Nothing frustrates me more as a baker than sitting exasperated on the kitchen floor, unable to fathom why the sugar creation slowly collapsing on the countertop has failed me. It annoys me when I do something wrong, then problem solve and learn what to do next time but it completely, cupboard-slamming, dramatically-falling-on-the-floor and all-out-screaming-into-a-tea-towel pisses me off when I have no idea where I messed up. Was it the egg whites? Were they too stiff? Was it the pastry? Did I overwork it? Was it the oven temperature? Yes, yes it was. You grilled that lemon meringue pie you bloody fool.

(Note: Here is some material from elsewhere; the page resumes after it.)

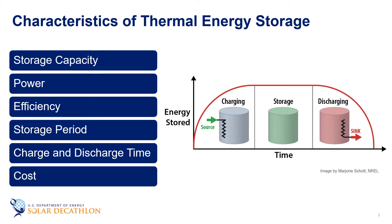When considering a thermal energy storage system, you should take into account the following characteristics: storage capacity, power, efficiency, storage period, charge and discharge time, and cost. Storage capacity is defined as the energy stored in the system, and this depends on the storage process, the medium, and the size of the system. Power is defined as how fast the energy stored in the system can be discharged and charged. Efficiency is the ratio of the energy provided to the user to the energy needed to charge the storage system, and it accounts for the energy lost during the storage period and the charging-discharging cycle.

(Yes, I did accidentally grill a lemon meringue pie three weeks ago. I’m still trying to get over it)However I appear to have found a third mishap category to file under – learn and adapt. It came to me on Saturday morning as I photographed these beautiful ruby cranberries ready to stir them into scone dough brought together with buttermilk and maple syrup for sweetness. However, as I poured the somewhat foamy syrup into the buttermilk, I took a quick glance at the bottle to realise I had just poured mould into the wet mix for my scones. Mould. Cue rinsing buttermilk, egg and maple syrup spores down the sink as I stood staring sadly at the very expensive bottle I had used roughly a quarter of. Things I learned from these scones number one – always keep maple syrup in the fridge.The second – my corner shop does not stock buttermilk, although it has inexplicably turned from a Nisa into a Co-op overnight. I decided sour cream would be my next best option and took it home to thin out with a little milk. Bingo – instant buttermilk substitute. And there is the third baking lesson I learned from these scones – think outside the box.These sour cream scones are a great toe-dip into festive baking without fully immersing yourself into mincemeat/mulled fruits/brandy everything. They are surprisingly light and each mouthful gives way to little sour-sweet bursts of cranberry. Clementine and sweet spices naturally lend themselves well to the overall flavour of the dough and buttermilk/maple syrup issues aside, took less than half an hour to prep, bake and cool. My only advice would be to double check you don’t accidentally grill them. I have not learned how to adapt to that particular baking problem yet.
- You Will Need
- 450g plain flour
- 2 ½ tsp baking powder
- ½ tsp bicarbonate of soda
- ½ tsp salt
- 1 tsp ground cinnamon
- A pinch of nutmeg
- 170g cold unsalted butter, cubed
- 2 tbsp soft light brown sugar
- 150g fresh cranberries
- 2 clementines, zested
- 100ml sour cream
- 80ml semi-skimmed milk
- 1 egg
- Preheat the oven to 200oc/180oc fan and line a large baking sheet with baking parchment. In a large bowl, whisk together the flour, baking powder, bicarbonate of soda, salt and spices. Add the butter and rub into the dry mix, feeding through your fingertips until the mix resembles fine breadcrumbs. Stir through the sugar, cranberries and clementine zest and in a jug whisk together the sour cream, milk and egg.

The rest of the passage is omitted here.